Chuck Mee is all about fairness. The legendary American playwright believes there's no such thing as an original play, and invites visitors to his website to "remix" his work. He also has some pretty visionary ideas about casting his shows. He writes:
Casting Note: In my plays, as in life itself, the female romantic lead can be played by a woman in a wheelchair. The male romantic lead can be played by an Indian man. And that is not the subject of the play. There is not a single role in any one of my plays that must be played by a physically intact white person. And directors should go very far out of their way to avoid creating the bizarre, artificial world of all intact white people, a world that no longer exists where I live, in casting my plays.
This quote particularly resonates with Asian actors, who are historically underrepresented on the stage. Many say a regular refrain from theaters is that they believe in colorblind casting. But, as a rash of recent controversies demonstrates, in practice that often means casting white actors in Asian roles.
Collaborators Duncan Sheik and Steven Sater recently ran a high profile workshop of the The Nightingale at the prestigious La Jolla Playhouse. The play's set in ancient China, and the lead role of a Chinese monarch was cast with a white actor.
As the Huffington Post points out:
Most of the grievances have been aired on the theater company's Facebook page. "Would you cast non African American people in the roles of 'The Color Purple' or an August Wilson play or 'Topdog/Underdog'???" wrote one commenter. "I am eagerly anticipating your multiracial, non-traditionally cast production of Glengarry Glen Ross! Should be outstanding!" wrote another.
To his credit, the show's director Christopher Ashley said that Asian actors were cast in some of the show's smaller roles, and he was open to talking about the underrepresentation as a larger issue. In fact, as a direct response to this uproar, Ashley and several artistic directors of other local theaters gathered for a panel discussion about the question. Since the theater world is relatively small and interconnected, word about controversies this size generally spreads quickly. So it's surprising that two other high profile theaters made the same mistake in less than a year.
London's Royal Shakespeare Company's production of The Orphan of Zhao.

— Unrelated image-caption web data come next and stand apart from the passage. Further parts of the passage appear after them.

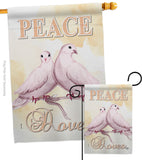 Doves - Expression Inspirational Vertical Impressions Decorative Flags HG192340 Made In USA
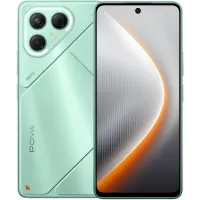 Смартфон Tecno Pova 7 5G 128Gb 8Gb зеленый моноблок 3G 4G 2Sim 6.78" 1080x2460 Android 15 50Mpix 802.11 a/b/g/n/ac/ax NFC GPS GSM900/1800 Protect microSD max1024Gb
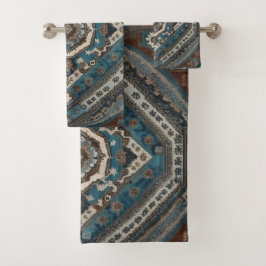 トルコモダンの美しい古いパターンコレクション バスタオルセット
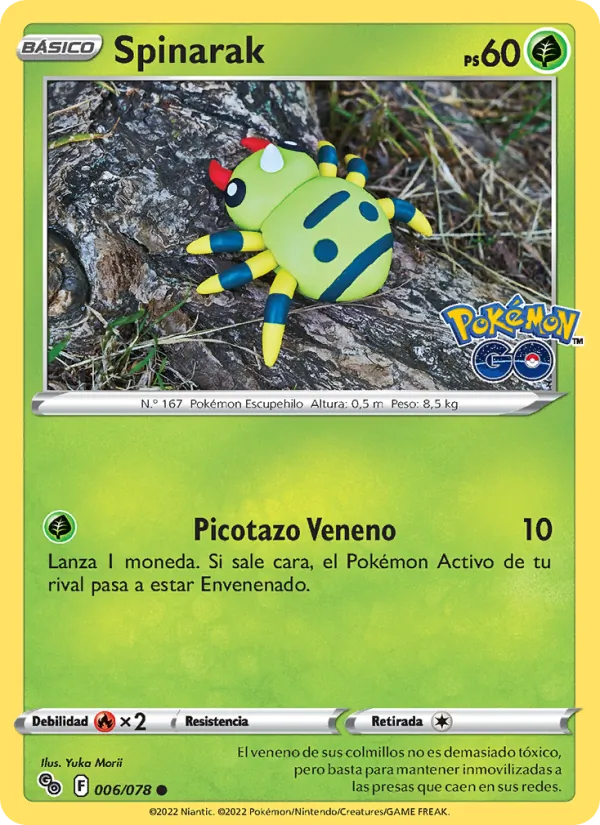 Spinarak (Pokémon GO #006/78)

Often referred to as the "Chinese Hamlet", the 17 person cast had only three actors of east Asian heritage in it — and they all had minor roles (including one woman who just played a dog).
British Chinese actor Daniel York, the vice-chair of the British Equity's ethnic minority committee, told the Guardian the problem isn't confined to the RSC: "The whole industry is reluctant to cast east Asians in non-race specific roles. We are generally only thought of as the Chinese takeaway man or the Japanese businessman." he said.
It is a vicious cycle, York continued: "It's incredibly hard for an east Asian person to build up the track record that would enable the RSC to feel confident in casting them in a decent role. We're not on the radar because we're not working very much."
The RSC said it cast such an overwhelmingly large white cast because it needed to use the same actors in its other productions. However, Gabby Wong at Big Green Scotland makes the excellent points:
The Orphan of Zhao is being played in repertory with two other plays, Pushkin's Boris Godunov and Brecht's Life of Galileo, and the justification for this ‘diverse, colourblind' casting is that all actors must be suitable for all three plays. But none of the East Asian actors in the ensemble have leading roles in any of the three plays, taking on subservient roles in all of them. The title role of The Orphan of Zhao is played by Jake Fairbrother, yet it seems unimaginable that the RSC would have one of the East Asian actors play Boris or Galileo.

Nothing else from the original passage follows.